Soon, we got off the plane and started to walk towards the immigration sections and the baggage collecting area. I have only one bag with me so I started towards the immigration area but someone grabbed my elbow and restrained me from taking a step forward.
"I guess this is it then," The green-eyed man said, turning me around to face him, "Will we meet again?" He asked, looking a little hopeful or maybe I just imagined that.
I shrugged at him when he released the hold he had on my elbow, "Only our fate knows about that" I smiled.
He smiled at that, "I hope we do, mysterious stranger" He said, his eyes never leaving mine. Something about the way he was looking at me made my heart race against my chest.
With one final smile, he walked away from me. I watched him until he disappeared from the line of my sight and sighed. That was unexpected but it wasn't unpleasant.
There's something in me that says that we would meet again, soon.
Not wanting to dwell on it any longer, I started to walk towards immigration to start my life here in Italy. I cleared off the immigration and walked out of the airport to find a cab. My wandering eyes landed on him again but from where I stood, I assumed that he probably couldn't see me.
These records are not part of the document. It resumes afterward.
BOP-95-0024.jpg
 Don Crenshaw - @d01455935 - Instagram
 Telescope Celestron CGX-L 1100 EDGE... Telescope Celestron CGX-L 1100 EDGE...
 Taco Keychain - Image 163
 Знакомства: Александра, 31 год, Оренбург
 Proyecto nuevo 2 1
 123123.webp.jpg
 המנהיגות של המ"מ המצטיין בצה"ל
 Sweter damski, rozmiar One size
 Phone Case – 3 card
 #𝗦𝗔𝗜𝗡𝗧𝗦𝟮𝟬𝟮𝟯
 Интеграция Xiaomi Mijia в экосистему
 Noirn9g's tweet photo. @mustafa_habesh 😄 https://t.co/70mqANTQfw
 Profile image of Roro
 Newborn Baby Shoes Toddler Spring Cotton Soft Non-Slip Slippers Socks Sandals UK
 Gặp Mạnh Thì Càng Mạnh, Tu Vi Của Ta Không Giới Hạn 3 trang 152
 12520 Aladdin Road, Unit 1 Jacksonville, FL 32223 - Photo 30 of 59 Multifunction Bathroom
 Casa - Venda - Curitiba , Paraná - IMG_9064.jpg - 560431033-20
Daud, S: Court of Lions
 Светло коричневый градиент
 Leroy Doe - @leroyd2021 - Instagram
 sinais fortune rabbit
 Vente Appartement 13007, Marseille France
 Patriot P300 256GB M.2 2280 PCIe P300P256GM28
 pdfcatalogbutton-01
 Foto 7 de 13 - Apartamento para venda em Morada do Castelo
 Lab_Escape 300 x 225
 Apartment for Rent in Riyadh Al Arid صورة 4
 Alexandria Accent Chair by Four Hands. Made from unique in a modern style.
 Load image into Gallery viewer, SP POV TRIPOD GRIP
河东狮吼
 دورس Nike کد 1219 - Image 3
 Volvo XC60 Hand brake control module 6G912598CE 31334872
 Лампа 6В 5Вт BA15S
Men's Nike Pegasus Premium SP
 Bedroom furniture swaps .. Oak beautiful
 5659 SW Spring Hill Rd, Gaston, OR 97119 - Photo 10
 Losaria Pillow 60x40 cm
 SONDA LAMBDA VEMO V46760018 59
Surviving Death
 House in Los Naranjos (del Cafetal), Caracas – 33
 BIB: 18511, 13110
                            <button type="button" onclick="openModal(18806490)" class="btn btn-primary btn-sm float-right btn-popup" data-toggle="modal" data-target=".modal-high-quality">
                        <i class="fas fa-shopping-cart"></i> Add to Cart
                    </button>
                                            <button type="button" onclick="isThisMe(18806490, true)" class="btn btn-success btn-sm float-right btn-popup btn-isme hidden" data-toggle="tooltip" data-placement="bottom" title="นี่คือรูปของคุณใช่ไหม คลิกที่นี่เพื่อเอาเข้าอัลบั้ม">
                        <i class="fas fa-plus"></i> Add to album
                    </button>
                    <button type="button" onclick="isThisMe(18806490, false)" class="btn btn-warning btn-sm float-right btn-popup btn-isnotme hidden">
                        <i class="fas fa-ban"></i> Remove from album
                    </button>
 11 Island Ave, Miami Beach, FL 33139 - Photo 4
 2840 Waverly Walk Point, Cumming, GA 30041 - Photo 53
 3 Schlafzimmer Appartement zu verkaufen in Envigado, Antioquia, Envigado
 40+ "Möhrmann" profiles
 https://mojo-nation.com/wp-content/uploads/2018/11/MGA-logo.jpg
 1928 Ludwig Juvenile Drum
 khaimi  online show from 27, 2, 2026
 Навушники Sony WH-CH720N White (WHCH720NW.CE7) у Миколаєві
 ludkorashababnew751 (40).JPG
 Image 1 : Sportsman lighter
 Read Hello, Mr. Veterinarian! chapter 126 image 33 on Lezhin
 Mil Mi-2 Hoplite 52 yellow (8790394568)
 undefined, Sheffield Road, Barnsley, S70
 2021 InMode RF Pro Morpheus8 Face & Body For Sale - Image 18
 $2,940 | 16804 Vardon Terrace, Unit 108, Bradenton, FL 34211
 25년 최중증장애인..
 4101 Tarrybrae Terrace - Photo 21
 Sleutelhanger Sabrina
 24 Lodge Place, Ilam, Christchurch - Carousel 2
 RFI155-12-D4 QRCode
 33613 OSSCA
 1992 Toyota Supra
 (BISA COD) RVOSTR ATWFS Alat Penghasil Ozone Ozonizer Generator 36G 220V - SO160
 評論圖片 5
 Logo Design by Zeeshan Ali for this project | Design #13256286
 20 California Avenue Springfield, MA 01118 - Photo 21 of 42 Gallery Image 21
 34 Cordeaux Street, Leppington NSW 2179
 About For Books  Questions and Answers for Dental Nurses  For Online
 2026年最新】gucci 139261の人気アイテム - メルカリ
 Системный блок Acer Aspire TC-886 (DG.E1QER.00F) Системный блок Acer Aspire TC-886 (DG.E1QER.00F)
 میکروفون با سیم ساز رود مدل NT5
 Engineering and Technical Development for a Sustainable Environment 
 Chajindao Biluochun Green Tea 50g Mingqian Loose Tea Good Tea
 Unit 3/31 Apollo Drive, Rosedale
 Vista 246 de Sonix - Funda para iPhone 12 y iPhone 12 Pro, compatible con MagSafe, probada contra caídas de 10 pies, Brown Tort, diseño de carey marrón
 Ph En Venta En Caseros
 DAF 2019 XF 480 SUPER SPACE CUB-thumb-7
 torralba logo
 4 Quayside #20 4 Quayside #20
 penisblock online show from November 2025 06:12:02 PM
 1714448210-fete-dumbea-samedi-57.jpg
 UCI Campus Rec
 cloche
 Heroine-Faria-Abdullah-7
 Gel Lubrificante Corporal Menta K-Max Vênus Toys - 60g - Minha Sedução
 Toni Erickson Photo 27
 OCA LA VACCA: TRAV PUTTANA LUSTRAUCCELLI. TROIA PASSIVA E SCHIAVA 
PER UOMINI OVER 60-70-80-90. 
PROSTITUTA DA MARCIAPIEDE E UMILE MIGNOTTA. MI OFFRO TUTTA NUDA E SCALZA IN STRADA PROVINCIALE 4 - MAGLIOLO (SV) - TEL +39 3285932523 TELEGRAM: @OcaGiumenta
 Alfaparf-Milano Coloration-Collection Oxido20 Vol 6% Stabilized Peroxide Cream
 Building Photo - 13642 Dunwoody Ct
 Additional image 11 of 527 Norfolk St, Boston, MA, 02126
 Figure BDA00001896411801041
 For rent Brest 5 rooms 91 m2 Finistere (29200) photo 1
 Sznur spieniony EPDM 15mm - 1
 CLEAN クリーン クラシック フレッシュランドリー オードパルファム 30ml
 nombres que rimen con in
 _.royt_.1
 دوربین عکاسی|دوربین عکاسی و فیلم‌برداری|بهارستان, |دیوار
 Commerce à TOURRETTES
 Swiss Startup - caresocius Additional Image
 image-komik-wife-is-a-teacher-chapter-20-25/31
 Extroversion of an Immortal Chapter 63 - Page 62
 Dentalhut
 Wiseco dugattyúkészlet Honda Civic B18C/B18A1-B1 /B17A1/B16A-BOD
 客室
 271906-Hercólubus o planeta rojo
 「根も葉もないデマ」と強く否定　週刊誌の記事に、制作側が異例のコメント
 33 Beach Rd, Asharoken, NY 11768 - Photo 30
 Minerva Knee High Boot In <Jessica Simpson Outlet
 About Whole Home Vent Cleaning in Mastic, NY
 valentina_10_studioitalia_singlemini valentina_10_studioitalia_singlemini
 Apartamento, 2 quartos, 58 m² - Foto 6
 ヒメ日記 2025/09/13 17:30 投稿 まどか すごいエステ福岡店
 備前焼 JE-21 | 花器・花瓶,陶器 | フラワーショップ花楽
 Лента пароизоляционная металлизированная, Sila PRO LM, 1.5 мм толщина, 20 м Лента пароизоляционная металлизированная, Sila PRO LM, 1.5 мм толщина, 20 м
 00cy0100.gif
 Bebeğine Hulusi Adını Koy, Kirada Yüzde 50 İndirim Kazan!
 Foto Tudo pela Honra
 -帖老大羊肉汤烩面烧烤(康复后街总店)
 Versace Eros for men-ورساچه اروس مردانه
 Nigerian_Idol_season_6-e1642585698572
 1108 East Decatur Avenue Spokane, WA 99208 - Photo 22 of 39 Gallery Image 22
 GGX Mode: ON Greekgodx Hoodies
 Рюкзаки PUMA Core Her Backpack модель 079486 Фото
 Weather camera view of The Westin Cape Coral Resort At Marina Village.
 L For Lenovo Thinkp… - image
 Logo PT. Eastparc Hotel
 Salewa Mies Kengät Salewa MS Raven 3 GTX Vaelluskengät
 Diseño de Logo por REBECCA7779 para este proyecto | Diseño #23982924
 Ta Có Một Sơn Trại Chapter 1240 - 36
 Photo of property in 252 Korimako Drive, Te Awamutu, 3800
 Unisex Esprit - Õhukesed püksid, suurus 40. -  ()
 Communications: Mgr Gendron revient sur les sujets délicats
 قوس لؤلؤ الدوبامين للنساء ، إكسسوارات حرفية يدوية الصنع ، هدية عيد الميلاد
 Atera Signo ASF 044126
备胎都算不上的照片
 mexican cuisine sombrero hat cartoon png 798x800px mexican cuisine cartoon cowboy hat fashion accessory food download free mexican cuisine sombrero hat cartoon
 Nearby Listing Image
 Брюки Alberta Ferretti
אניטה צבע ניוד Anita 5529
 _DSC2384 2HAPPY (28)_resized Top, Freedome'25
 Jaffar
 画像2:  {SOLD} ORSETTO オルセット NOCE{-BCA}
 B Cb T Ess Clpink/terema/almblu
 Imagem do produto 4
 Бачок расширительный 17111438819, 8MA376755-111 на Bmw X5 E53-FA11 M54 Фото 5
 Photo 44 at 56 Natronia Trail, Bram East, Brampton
He was getting into the posh-looking car along with others who were dressed formally as well. They all looked very serious about something and I noticed that he was sitting in the middle car. There was one car in front of him and two cars behind him as all the four cars rushed out from the airport closely with each other,
Maybe he is a VIP or something.
It doesn't matter who he is. He is not important in my life. I found a cab and hopped on it. It seems like the locals here preferred to talk in their mother tongue. I had difficulties at first but thanks to the technology, I easily translated what I wanted to say using my phone.
I looked out from the window and smiled at the beauty of Sicily. This is the place that I would call my home after this. Its autumn here and the trees were falling down at the ground, a perfect reflection for me to leave everything that happened before this behind me.
I sighed, my mind unconsciously going back to the beautiful stranger that I met. I wondered where he was headed now and what does he do for a living. No matter how much I tried not to think about him, telling myself that he is literally a nobody in my life, somehow he managed to creep back in.
It will be hard for me if I ever wanted to meet him again. I don't have his number. Heck, I don't even know his name for god's sake.